DATA RECORDS:

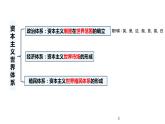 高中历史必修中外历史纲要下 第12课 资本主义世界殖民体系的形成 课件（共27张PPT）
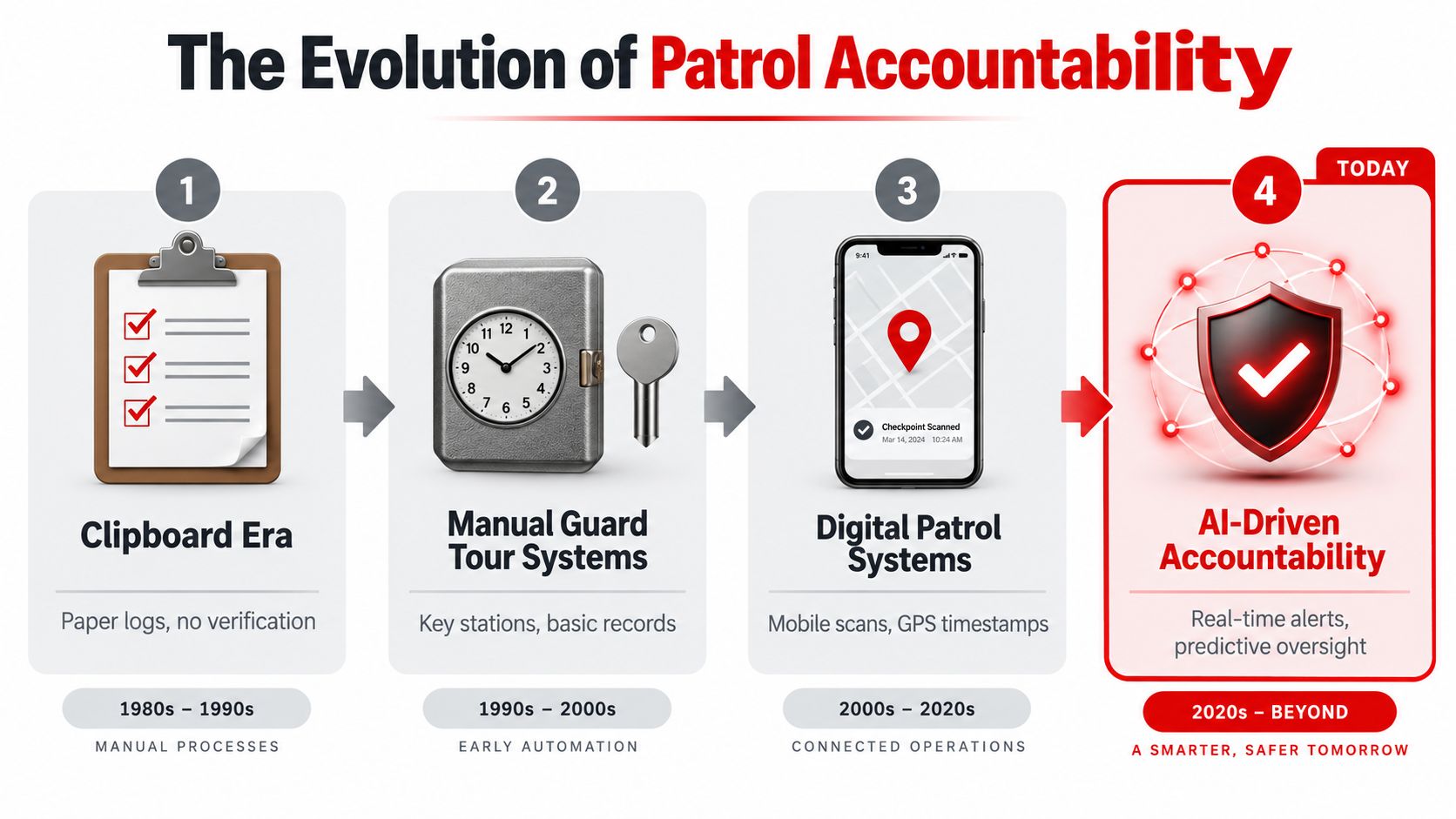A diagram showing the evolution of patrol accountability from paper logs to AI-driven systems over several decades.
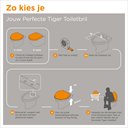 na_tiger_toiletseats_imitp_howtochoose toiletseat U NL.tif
--
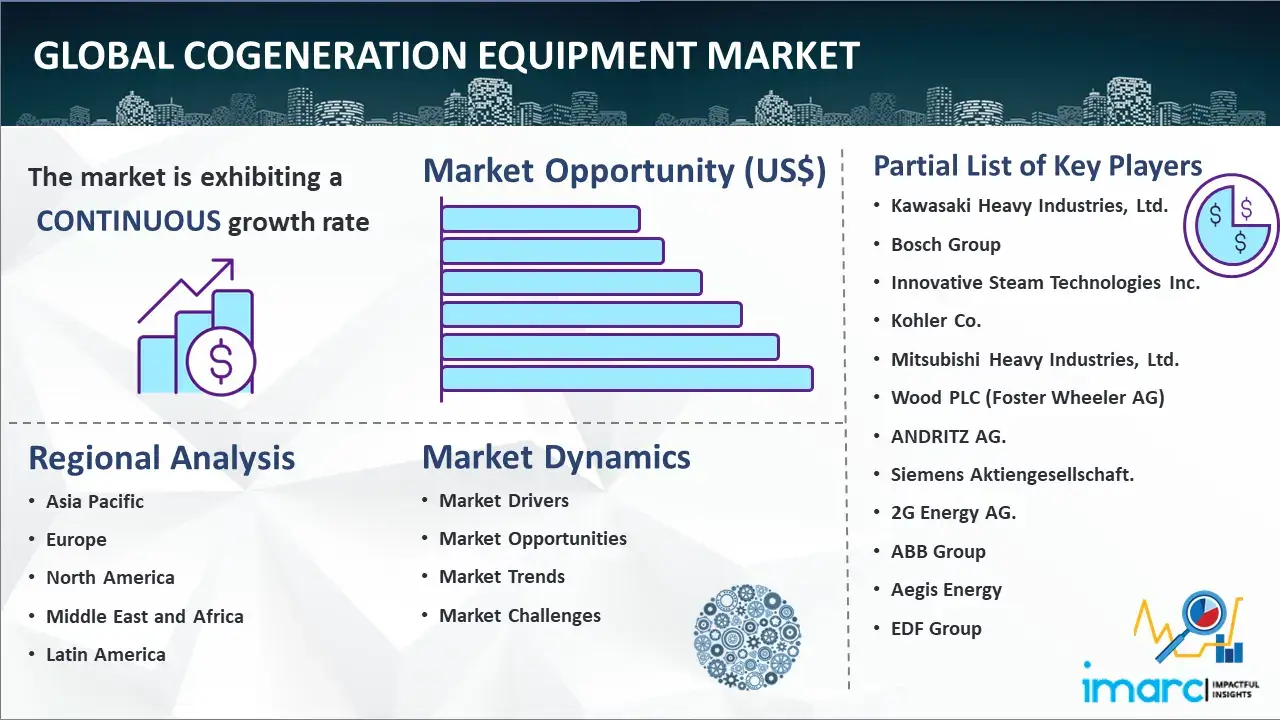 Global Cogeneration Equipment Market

WORK INSTRUCTIONS:
Above are the records; return the lines in them from the one with "高中历史必修中外历史纲要下 第12课 资本主义世界殖民体系的形成 课件（共27张PPT）" to the one with "na_tiger_toiletseats_imitp_howtochoose toiletseat U", inclusive, exactly and without images.

TASK ANSWER:
 高中历史必修中外历史纲要下 第12课 资本主义世界殖民体系的形成 课件（共27张PPT）
A diagram showing the evolution of patrol accountability from paper logs to AI-driven systems over several decades.
 na_tiger_toiletseats_imitp_howtochoose toiletseat U NL.tif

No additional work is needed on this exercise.